Il grande jazzista fu convinto a cantare a Sanremo, in coppia con Lara Saint-Paul, un brano di Bertero Vallaroni e Buonassisi, il celebre gastronomo. La canzone, intitolata “Mi va di cantare”, non era nulla di eccezionale, un motivetto orecchiabile, con un testo semplice semplice: perché mai il grande Satchmo aveva accettato? Semplice, perché il suo manager gli aveva mentito, assicurando il vecchio musicista che si sarebbe trattato di un concerto a Sanremo dove, in omaggio all’Italia, avrebbe cantato anche una canzone italiana. Dunque, come racconta lo stesso Pippo Baudo, presentatore di quell’edizione (in “La mia TV: 40 anni di televisione italiana”, ed. La Stampa), “il povero Satchmo, dopo aver esordito con questa musichetta, afferrò la tromba e cominciò a intonare i suoi blues. Dietro le quinte ci fu il panico: il regolamento non lo permetteva. ‘Baudo, fallo smettere. Fallo smettere subito’. Ebbene sì, lo ammetto. Io che avrei voluto inginocchiarmi davanti a Satchmo, sono stato quell’uomo che agitando un fazzoletto bianco, gli tolse la tromba di bocca e lo trascinò fuori dal palcoscenico”. (...) Quello che convinse gli organizzatori a dire di no all’esibizione di uno dei più straordinari musicisti del mondo fu quel regolamento: nessun cantante in gara aveva il diritto di cantare più a lungo di un altro, Armstrong o non Armstrong.
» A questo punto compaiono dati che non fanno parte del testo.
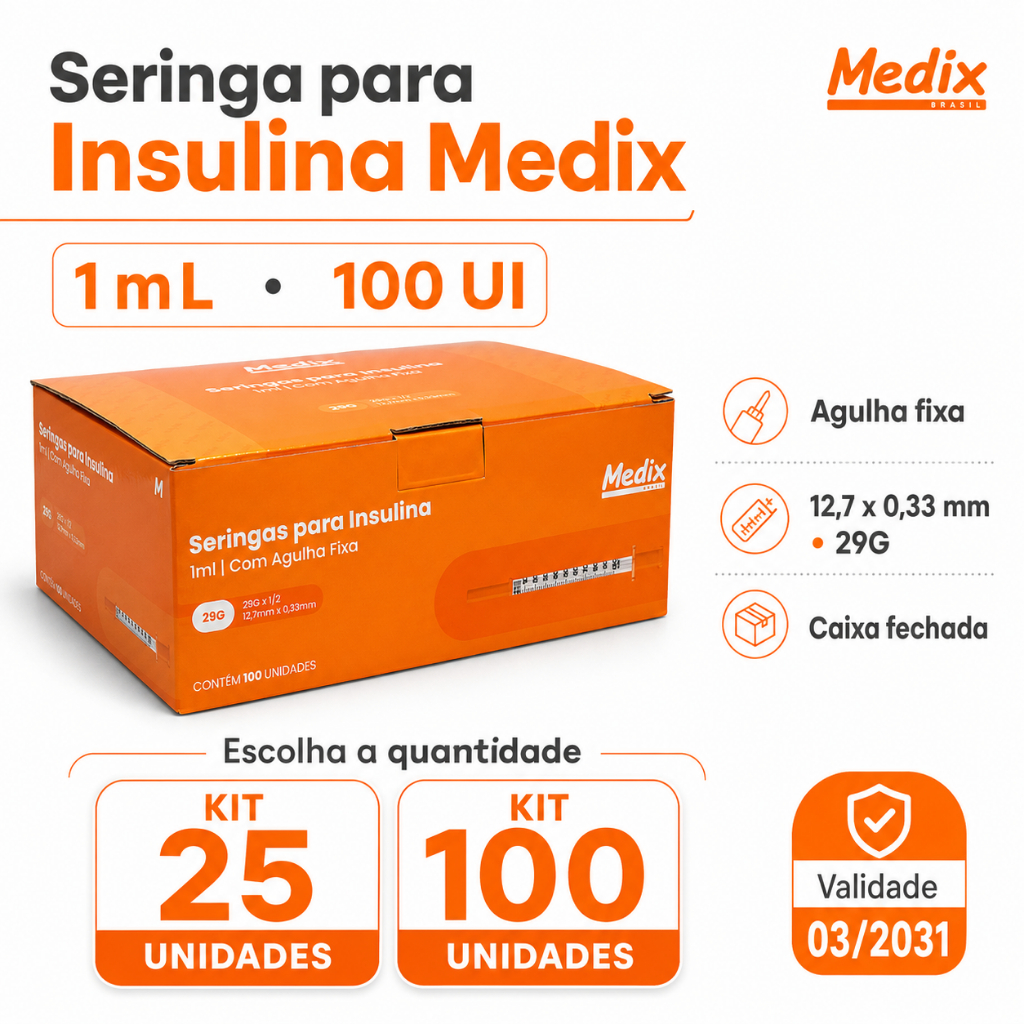 SERINGA PARA INSULINA 1ML AGULHA 12.7MMX0,33MM (25/100UND) 29G AGULHA FIXA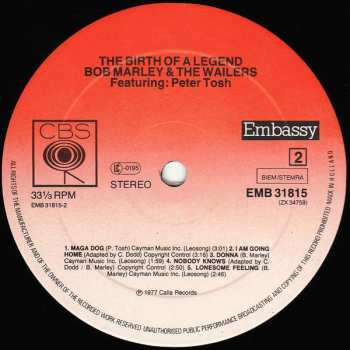LP Bob Marley & The Wailers: The Birth Of A Legend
E nessuno degli organizzatori, peraltro, si scusò minimamente con il grande trombettista.

Passano gli anni e si arriva al 1996. L’allora direttore artistico e presentatore Pippo Baudo - essendo da poco stata pubblicata la raccolta con inediti dei Fab Four “Anthology” - sogna di portare all’Ariston i tre Beatles superstiti, Paul McCartney, George Harrison e Ringo Starr, ma da oltremanica arriva solo la disponibilità da parte del cantante e bassista di un passaggio veloce - e non musicale - per presentare il video del singolo in promozione “Real Love”. Baudo, fermamente convinto che l’ospite straniero debba esibirsi e non limitarsi alla passerella, rifiuta e riesce comunque ad assicurarsi la presenza di Bruce Springsteen, che qualche mese prima - a novembre - aveva spedito sui mercati il suo album acustico “The Ghost of Tom Joad”. Lo staff del Boss, un po’ per eccesso di zelo, un po’ perché - probabilmente - al corrente del clima che si respirava a Sanremo, crea intorno all’artista un vero e proprio cordone sanitario che lo isola da tutto e tutti.

Baudo (...) riesce a far arrivare Bruce Springsteen al Teatro Ariston: la partecipazione provoca panico tra i fan italiani del Boss che non vorrebbero vedere ridotto Bruce a canticchiare tra lustrini e pettegolezzi del festival. Springsteen arriva a Sanremo, unica apparizione televisiva in Europa per promuovere il suo nuovo album: e, tanto per fare capire che aria tira, detta le sue condizioni che Baudo è costretto ad accettare. Niente interviste, niente lustrini, niente clamori: canterà la sua ‘The Ghost of Tom Joad’ con sottotitoli in italiano all’inizio della serata, solo sul palco con la sua chitarra acustica e l’armonica. Di interviste non se ne parla, anzi: Springsteen chiede e ottiene che Baudo lo presenti dalla platea, per evitare ogni eventuale battuta. La stessa situazione si ripete l’anno successivo quando al festival arriva David Bowie: il Duca Bianco si esibisce a inizio festival evitando di scambiare parole con il presentatore Mike Bongiorno.